Linear algebra/Orthogonal matrix

Alternative notations
$Q^{-1}=Q^{\mathrm {T} }$	$Q^{\mathrm {T} }Q=QQ^{\mathrm {T} }=I$
${\underline {\underline {Q}}}^{-1}={\underline {\underline {Q}}}^{\mathrm {T} }$	${\underline {\underline {Q}}}^{\mathrm {T} }\cdot {\underline {\underline {Q}}}^{-1}={\underline {\underline {Q}}}^{-1}\cdot {\underline {\underline {Q}}}^{\mathrm {T} }={\underline {\underline {I}}}$
$Q_{jk}^{-1}=Q_{kj}\equiv Q_{jk}^{\mathrm {T} }$	$\sum _{k}Q_{ki}Q_{kj}^{-1}=\sum _{k}Q_{ik}^{-1}Q_{jk}=\delta _{ij}$

This article contains excerpts from Wikipedia's Orthogonal matrix.
If complex numbers are involved, see Unitary matrix.

A real square matrix is orthogonal (orthogonal^[1]) if and only if its columns form an orthonormal basis in a Euclidean space in which all numbers are real-valued and dot product is defined in the usual fashion.^[2]^[3] An orthonormal basis in an N dimensional space is one where, (1) all the basis vectors have unit magnitude.^[4]

Fundamental properties

A real square matrix is orthogonal if and only if its columns form an orthonormal basis on the Euclidean space $ℝ n$ , which is the case if and only if its rows form an orthonormal basis of $ℝ n$ .^[5]
The determinant of any orthogonal matrix is +1 or −1. But the converse is not true; having a determinant of ±1 is no guarantee of orthogonality.

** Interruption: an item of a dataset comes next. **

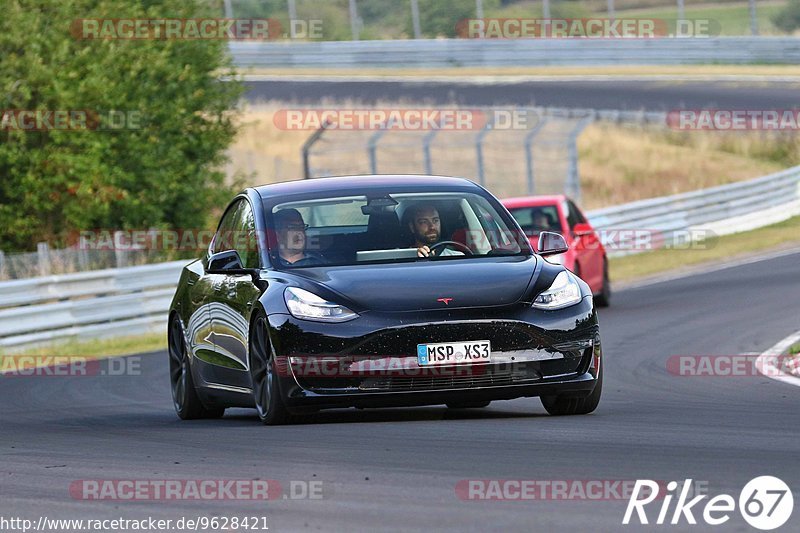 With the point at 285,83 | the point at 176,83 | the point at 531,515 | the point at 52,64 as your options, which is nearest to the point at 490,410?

An orthogonal matrix with a determinant equal to +1 is called a special orthogonal matrix.
An orthogonal matrix can always be diagonalized over the complex numbers to exhibit a full set of eigenvalues, all of which must have (complex) modulus 1.
All permutation matrices are orthogonal (but the converse is not true.)^[6]
All orthogonal matrices are unitary (but the converse is not true.)^[7]
Under the operation of multiplication, the $n \times n$ orthogonal matrices form the orthogonal group known as $O(n)$ .

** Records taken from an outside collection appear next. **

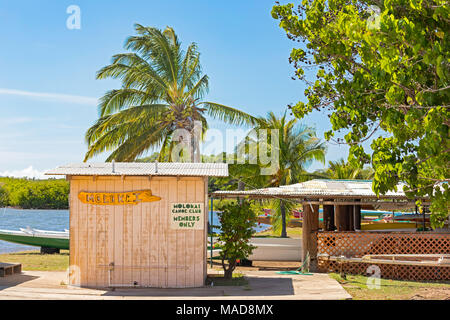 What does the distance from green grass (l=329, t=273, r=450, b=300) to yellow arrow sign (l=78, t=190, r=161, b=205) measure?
512 centimetres

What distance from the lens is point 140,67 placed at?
2200cm

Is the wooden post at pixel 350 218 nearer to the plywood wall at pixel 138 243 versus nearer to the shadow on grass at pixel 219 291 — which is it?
the shadow on grass at pixel 219 291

Three important results that are easy to prove

Among the first things a novice should learn are those that are easy to prove.

Orthonormal basis vectors are hiding in plain sight

Theorem:

If the rows of a square matrix form an orthonormal set of (basis) vectors,

then the transpose of that matrix is its own inverse

(\mathbf {M} ^{T}=\mathbf {M} ^{-1})

Visual understanding

Suppose the rows of a matrix form an orthonormal set of basis vectors, as shown in the i-th row in matrix A to the right. The ij-the element of the product AB takes the dot product of the i-th row of A with the j-th column of matrix B, as shown in the upper part of the diagram. in the diagram's upper part, the j-th column is higlighted in yellow. In the diagram's lower part, matrix B is replaced by it's transpose, which shifts the elements in column j to a row (highlighted in cyan.) This establishes that the product of A with the transpose of B creates elements that are the dot product of rows of A with rows of B.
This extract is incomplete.